I replaced his broken switch with a single pole decora switch and told him the right thing to do was install a separate ckt. for a GFCI outlet, not use the combo like he had been doing.

Whether the land-lord calls us back to do it right, I don't know. The breaker box has one spare ckt left, but it is one of those Pop-O-Matic style, I am not sure if I can track down a new ckt. breaker or not.
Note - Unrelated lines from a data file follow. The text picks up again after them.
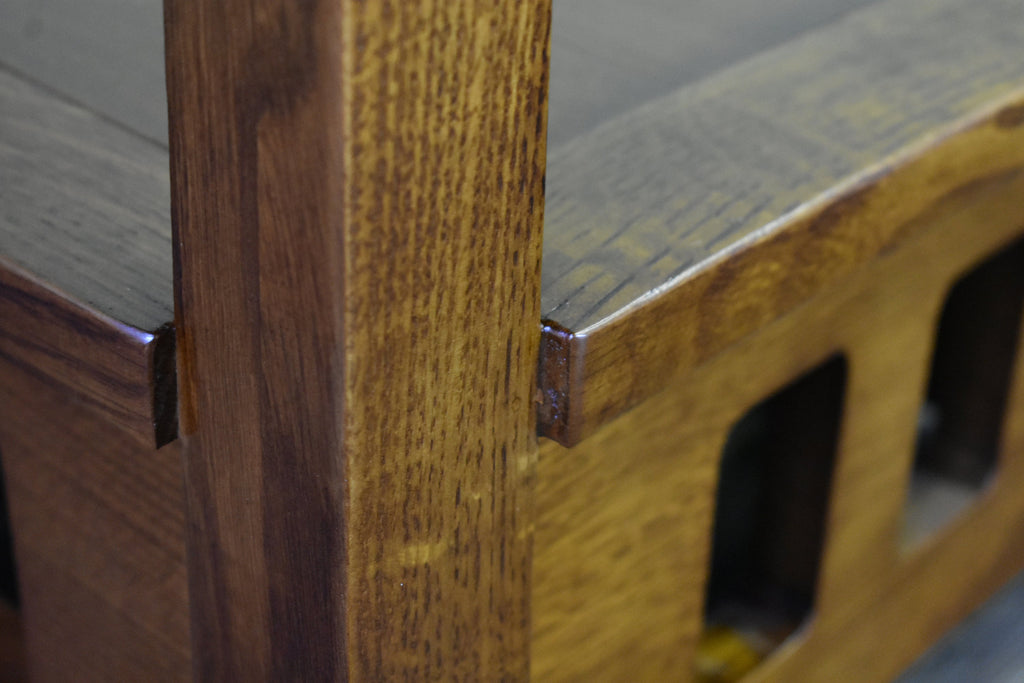 Close-up of taboret end table corner post with carved trim and side cutout opening.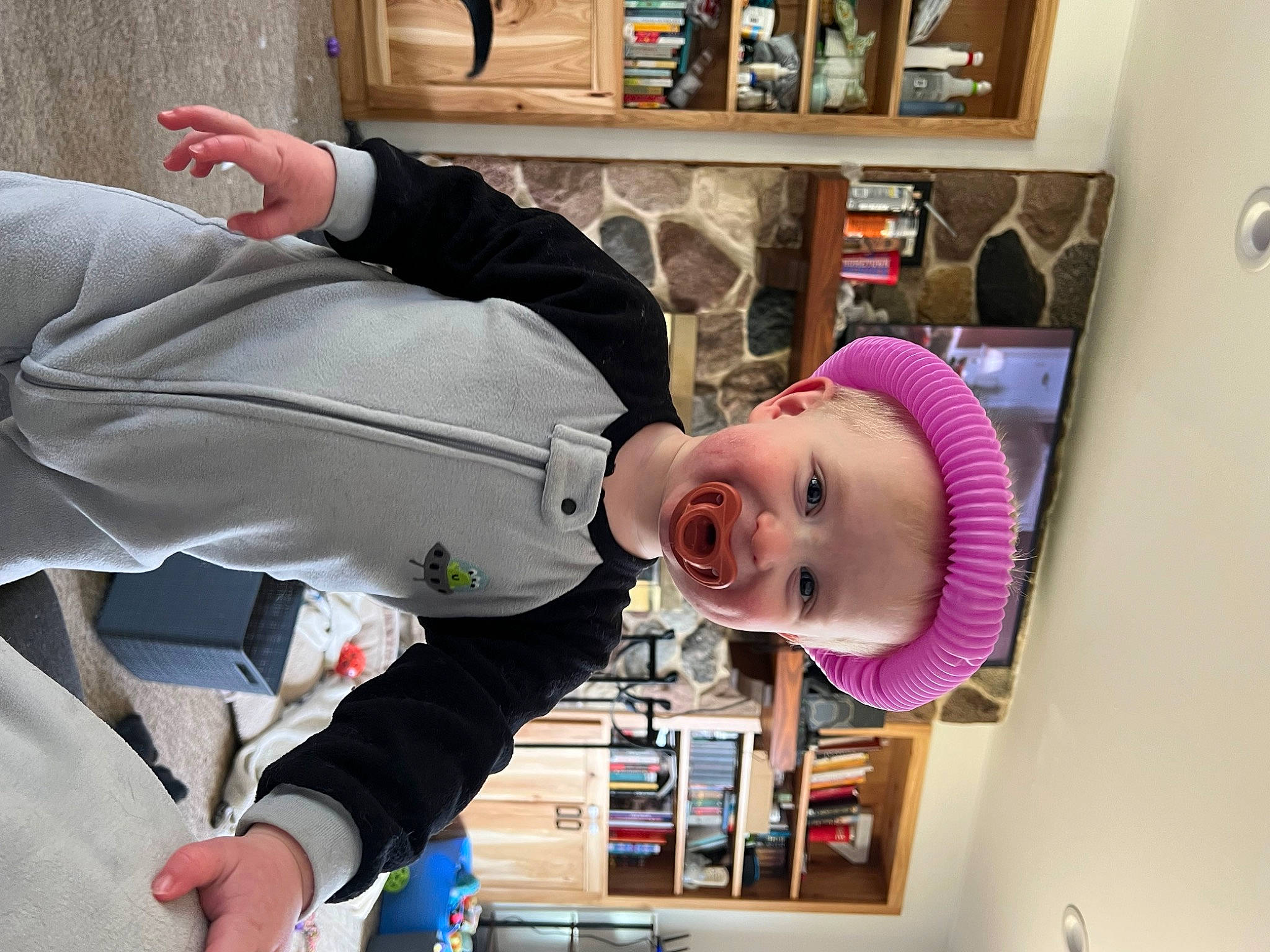 Wyatt joined the competition — help win amazing prizes! baby, bookcase, child, fun, hat, headgear, magenta, outerwear, person, picture_frame, product, room, shelf, shelving, smile, toddler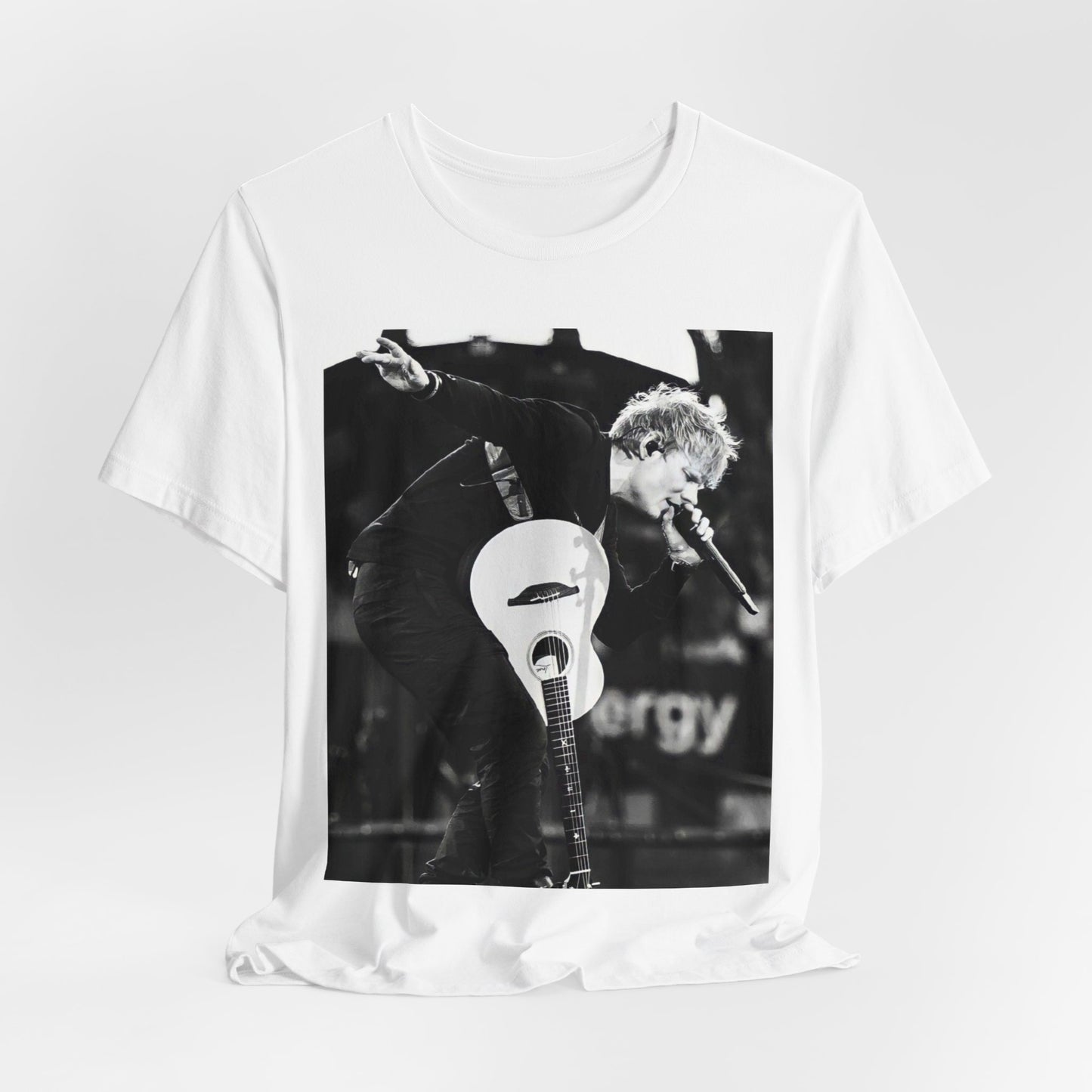 A black graphic t-shirt featuring a vintage graphic of Ed Sheeran performing live.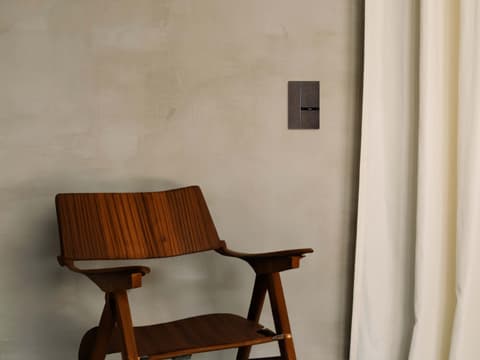 Silla de madera con reposabrazos en una casa con dómotica Barcelona y Girona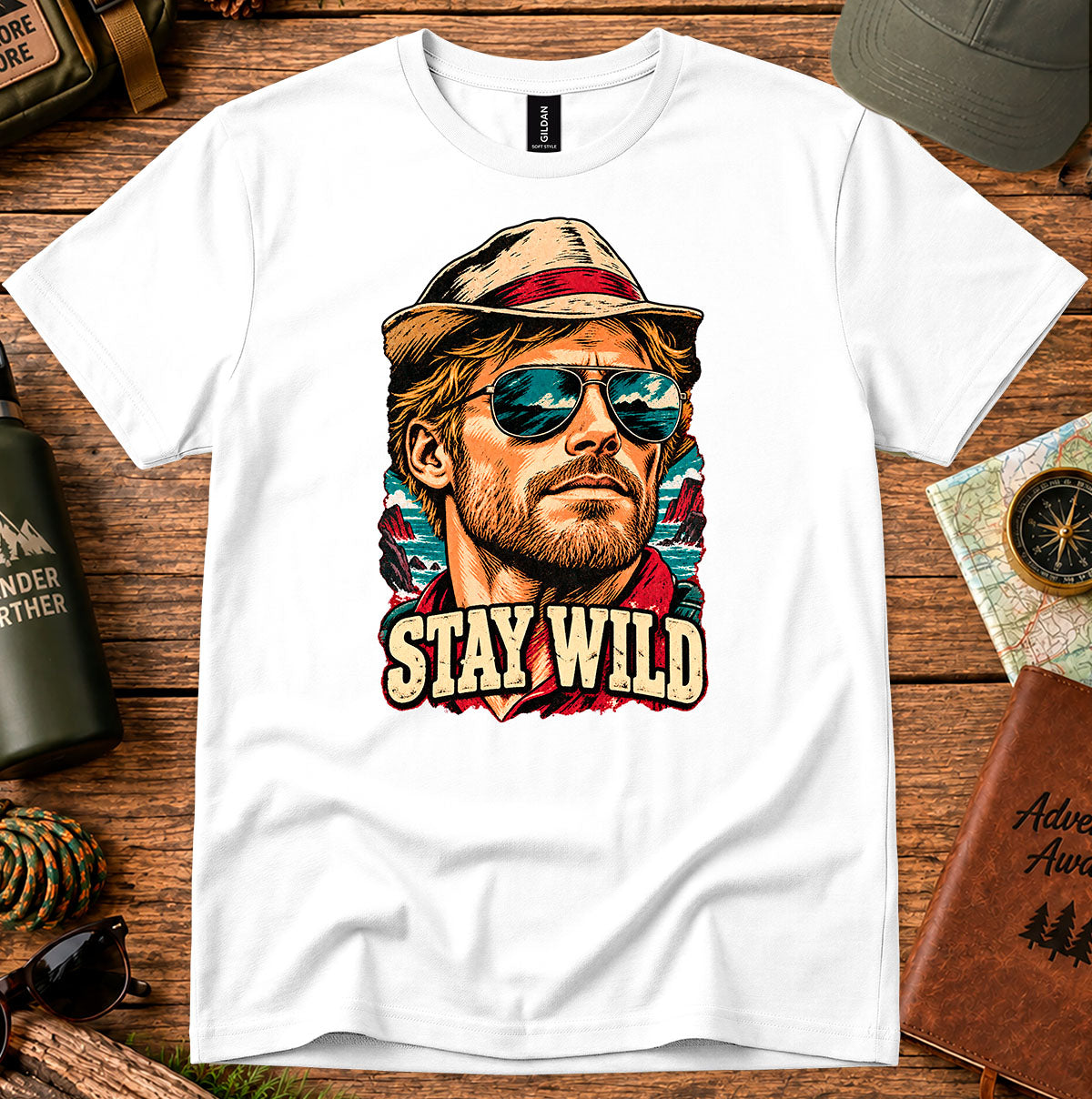 White T-shirt featuring a retro portrait of a man wearing a cap and sunglasses above STAY WILD lettering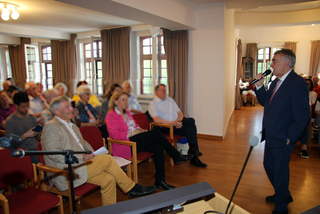 Ein Mann im Anzug spricht mit Mikrofon vor einem sitzenden Publikum in einem hellen Raum mit Fenstern.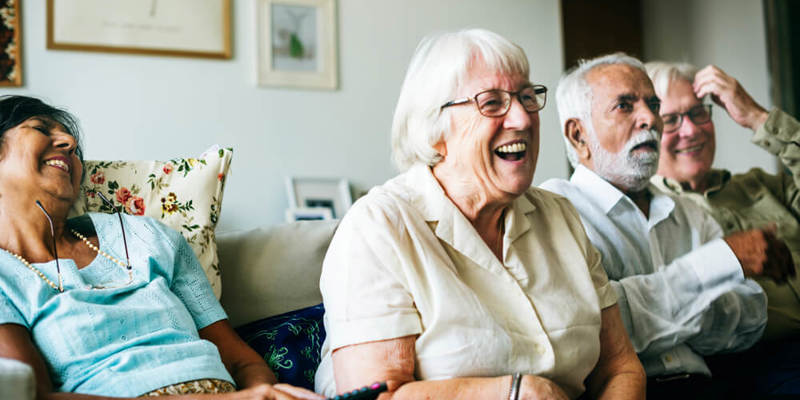 Group of older people sat together on a sofa, leaning forward and laughing.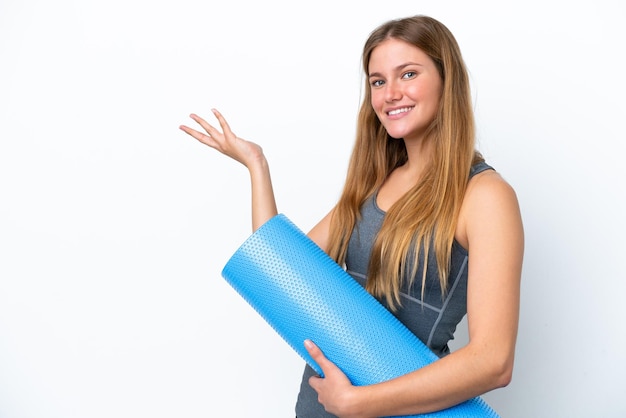 Junge Sportlerin, die zu Yoga-Kursen geht, während sie eine Matte hält, die die Hände zur Seite streckt, um zum Kommen einzuladen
My question is this, besides not being GFCI in a bathroom, what section of the NEC says that you can't use the combo switch/outlet like the tenant was doing? Is there anything in the book that says you can't put 2 loads in series?

Thanks,
Rick


----------



## 480sparky (Sep 20, 2007)

subelect said:


> I was replacing some outlets in a rental property today. In the bathroom, the light switch had a combo switch/outlet (non-GFCI, of course) on one yoke. The switch controlled the bar light and the tenant had removed one light bulb was replaced with an 2 prong outlet-adapter.
> 
> The switch was on its last legs, so I was removing it, trying to decide if their would be enough room between the studs to install a 2 gang box (one switch, one GFCI), when I find out the single gang box had only one hot wire and one switch leg. No neutral.
> 
> ...


Whatever a Pop-O-Matic breaker is. Does Ron Popeil or Billy Mays sell them? :laughing:

As for series loads, that would be good ol' 110-3(B). If you install a combo device, you'll run afoul of 210.4(B).


----------



## Speedy Petey (Jan 10, 2007)

subelect said:


> My question is this, besides not being GFCI in a bathroom, what section of the NEC says that you can't use the combo switch/outlet like the tenant was doing?


None. 
Why didn't you just replace it with a sw/GFI combo? That would have been legal and WAY safer than forcing him to use the adapter again.



subelect said:


> Is there anything in the book that says you can't put 2 loads in series?


Why would you think there was? Isn't this something we do all the time? 
How about a fan/light? Multiple recessed or fixtures? 


WHY are you asking the tenant anything??? You were not working for him, were you?


----------



## Speedy Petey (Jan 10, 2007)

I assume by "series" you mean off the same switch. Right?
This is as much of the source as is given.